| WHAT YOU SHOULD DO |
Word for word, copy out every line of the records, omitting each picture.
_ _ _ _
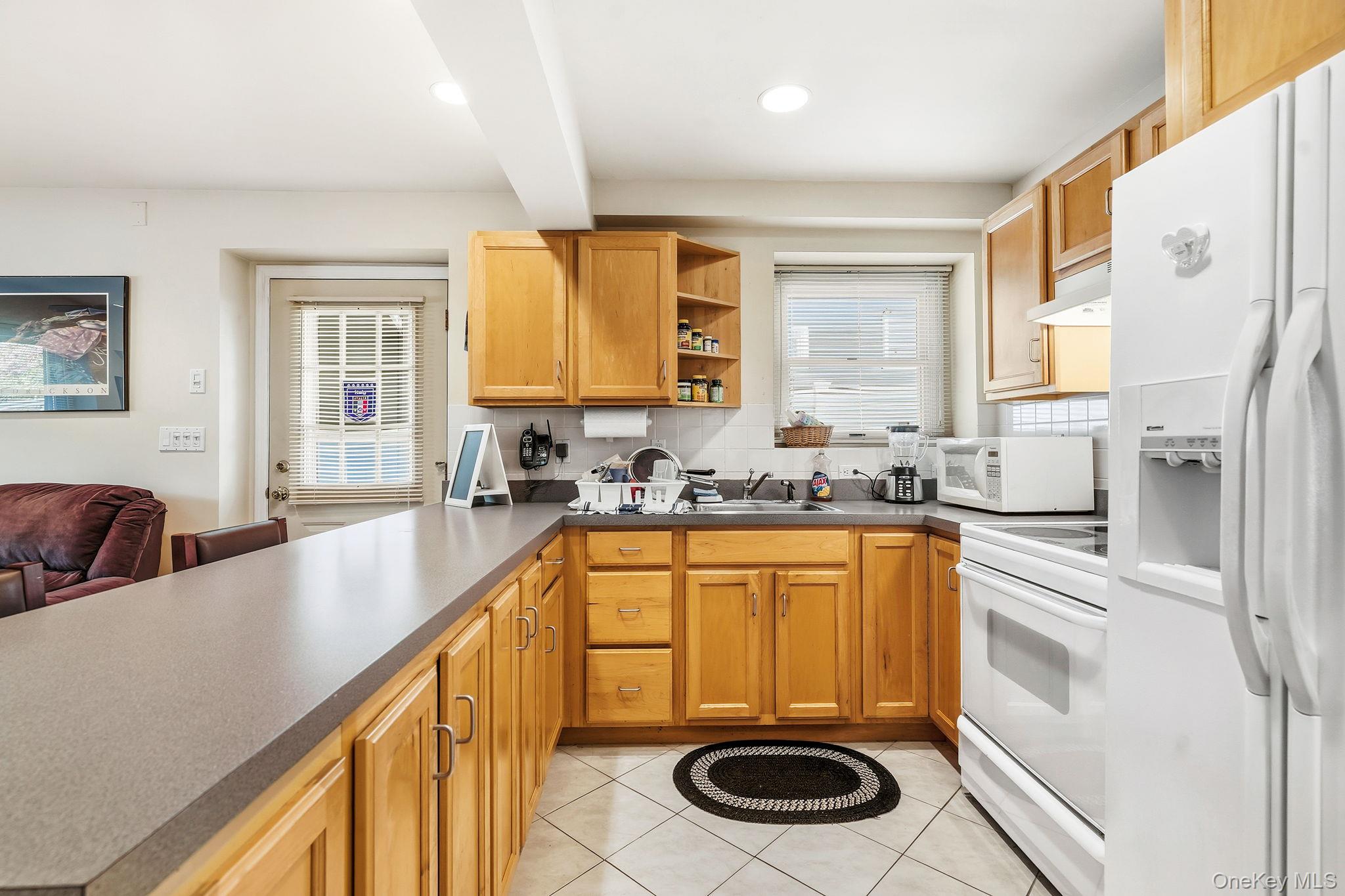 White Plains, New York 10603, United States, 5 Bedrooms Bedrooms, ,4 BathroomsBathrooms,Residential,Active,230515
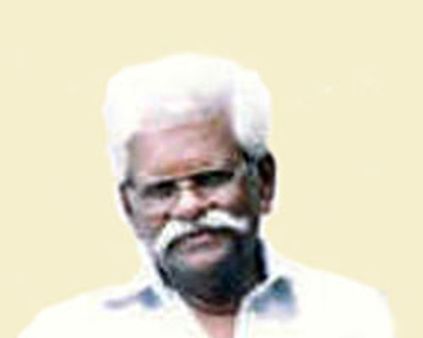 எம்.ஜி.ஆரை மிரட்டினார் ராஜீவ்- புலமைப்பித்தன்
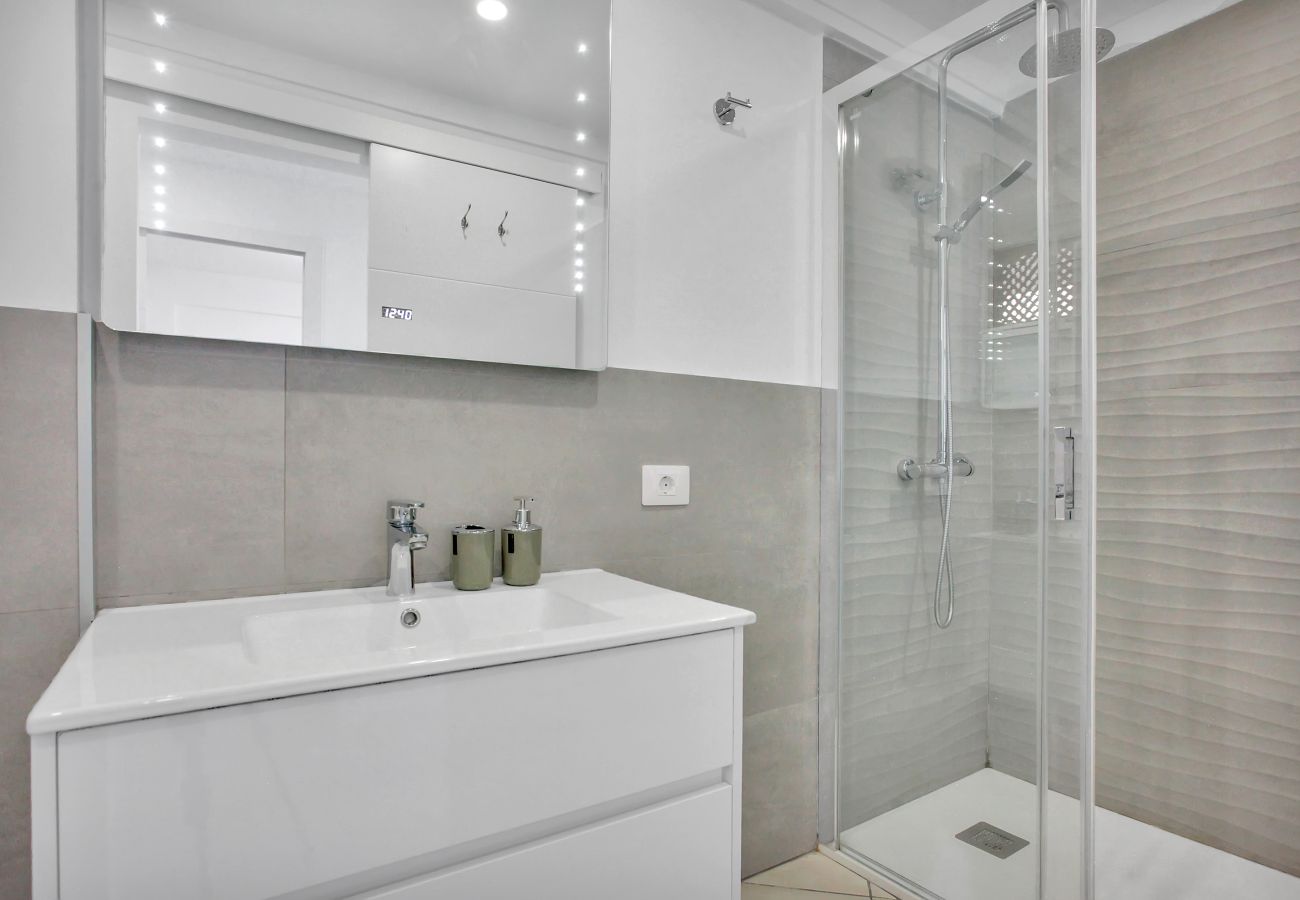 Apartamento en Palm - Mar - Dream Holidays, Wonderful Ocean View,Fast Wi Fi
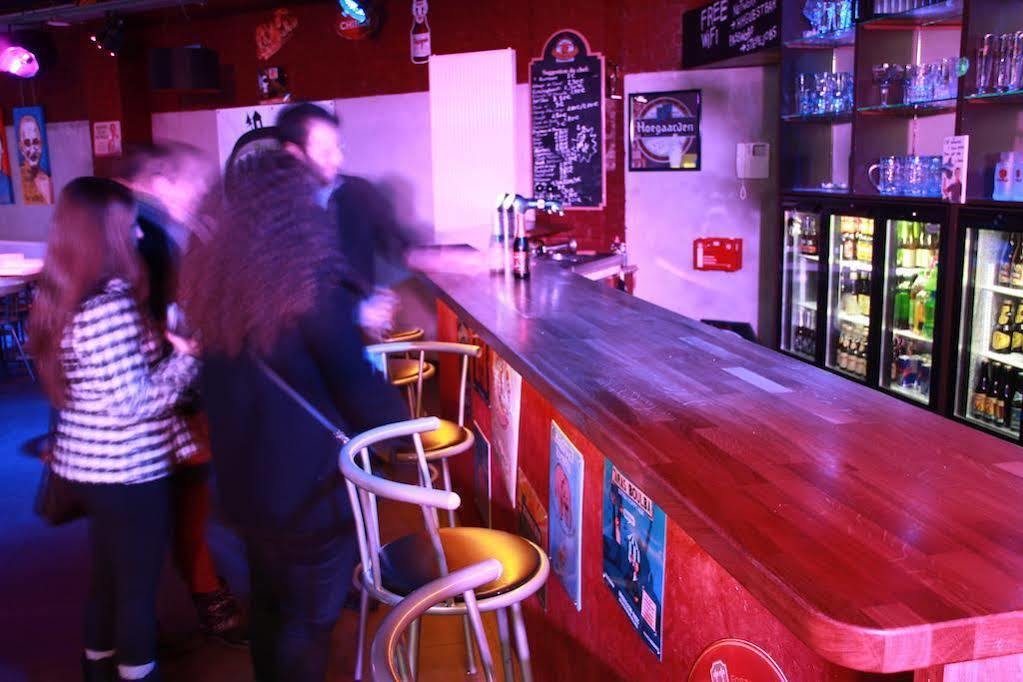Brussels Hello Hostel コクルベール エクステリア 写真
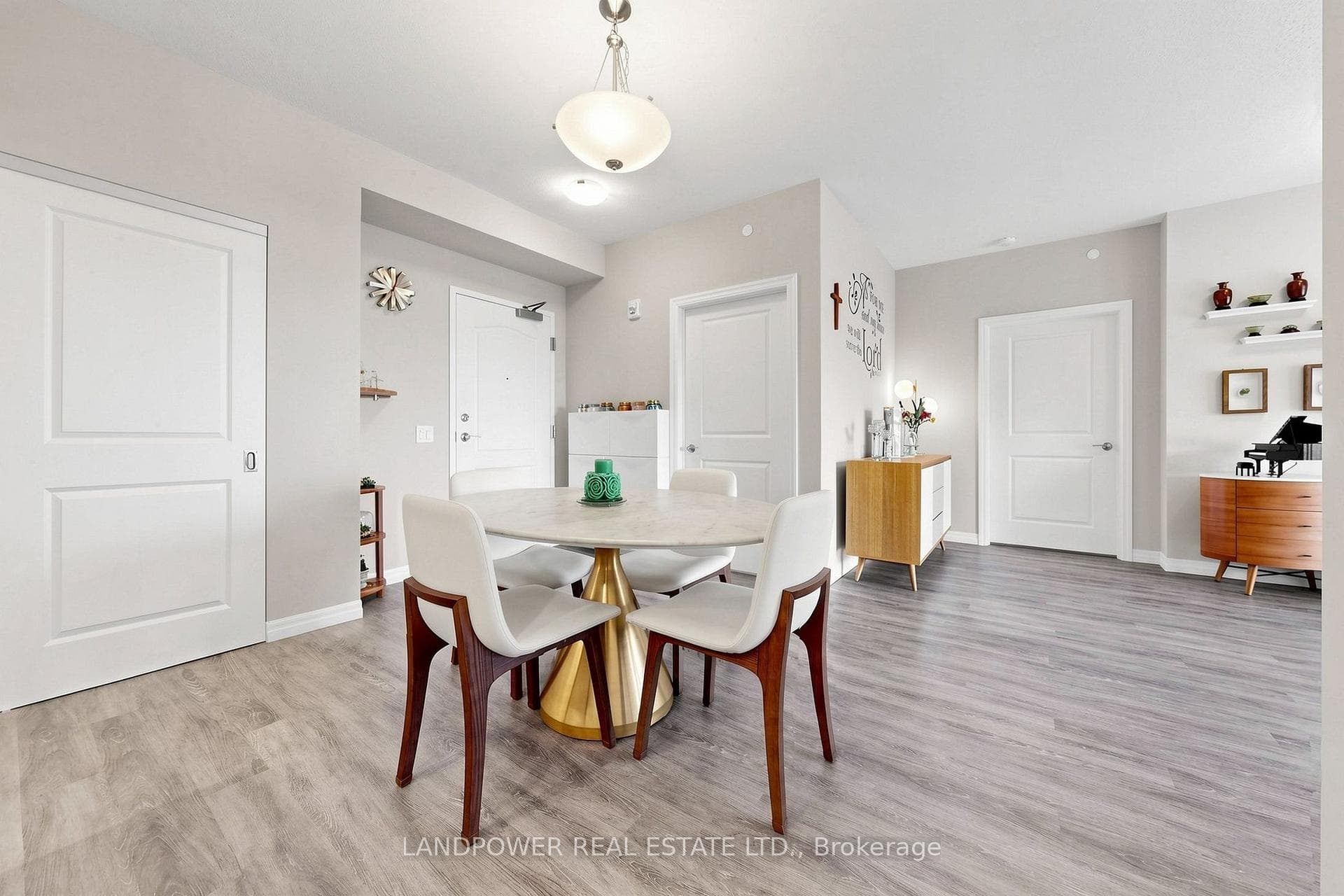 440 William Graham Drive Unit 503 photo 10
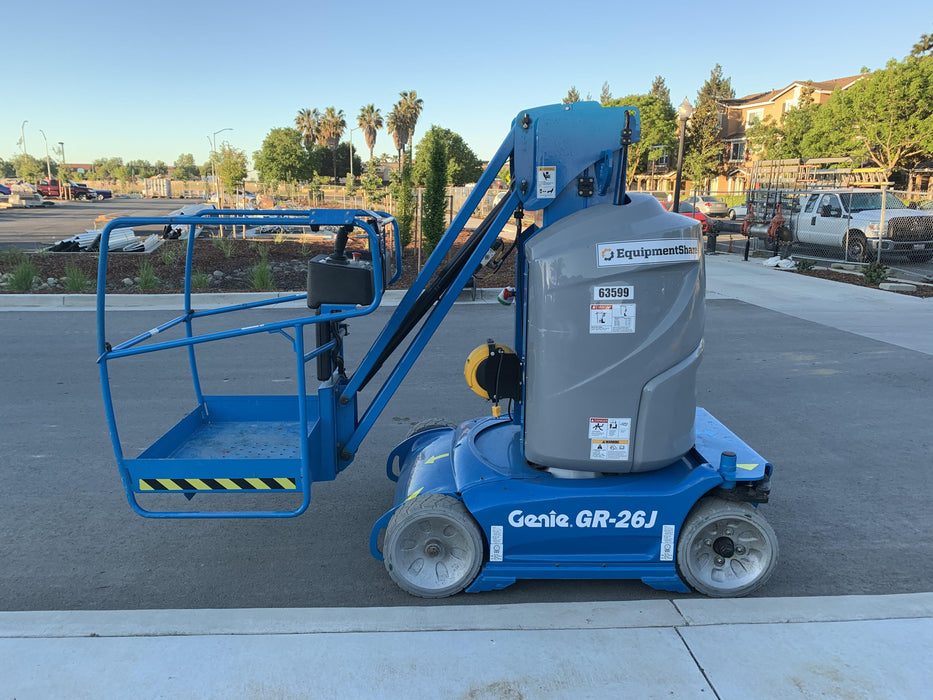 2020 GENIE GR-26J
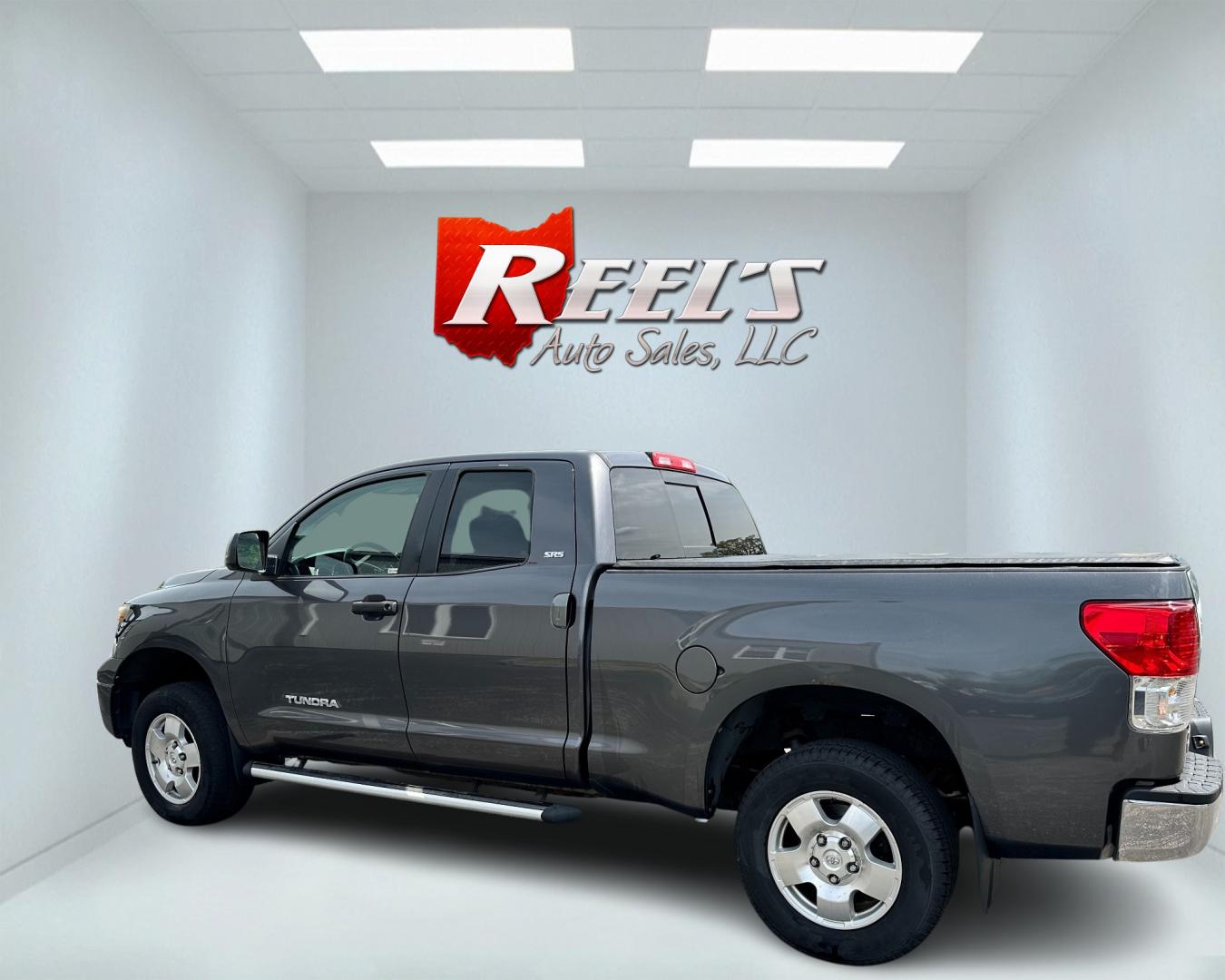 2011 Gray /Black Toyota Tundra SR5 (5TFUM5F12BX) with an 4.6L V8 engine, 6-speed automatic transmission, located at 11115 Chardon Rd. , Chardon, OH, 44024, (440) 214-9705, 41.580246, -81.241943 - Photo#9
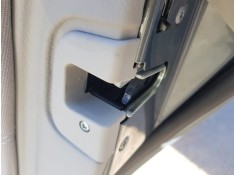 CERRADURA PUERTA TRASERA DERECHA A2037300235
_ _ _ _
| ANSWER BOX |
 White Plains, New York 10603, United States, 5 Bedrooms Bedrooms, ,4 BathroomsBathrooms,Residential,Active,230515
 எம்.ஜி.ஆரை மிரட்டினார் ராஜீவ்- புலமைப்பித்தன்
 Apartamento en Palm - Mar - Dream Holidays, Wonderful Ocean View,Fast Wi Fi
Brussels Hello Hostel コクルベール エクステリア 写真
 440 William Graham Drive Unit 503 photo 10
 2020 GENIE GR-26J
 2011 Gray /Black Toyota Tundra SR5 (5TFUM5F12BX) with an 4.6L V8 engine, 6-speed automatic transmission, located at 11115 Chardon Rd. , Chardon, OH, 44024, (440) 214-9705, 41.580246, -81.241943 - Photo#9
 CERRADURA PUERTA TRASERA DERECHA A2037300235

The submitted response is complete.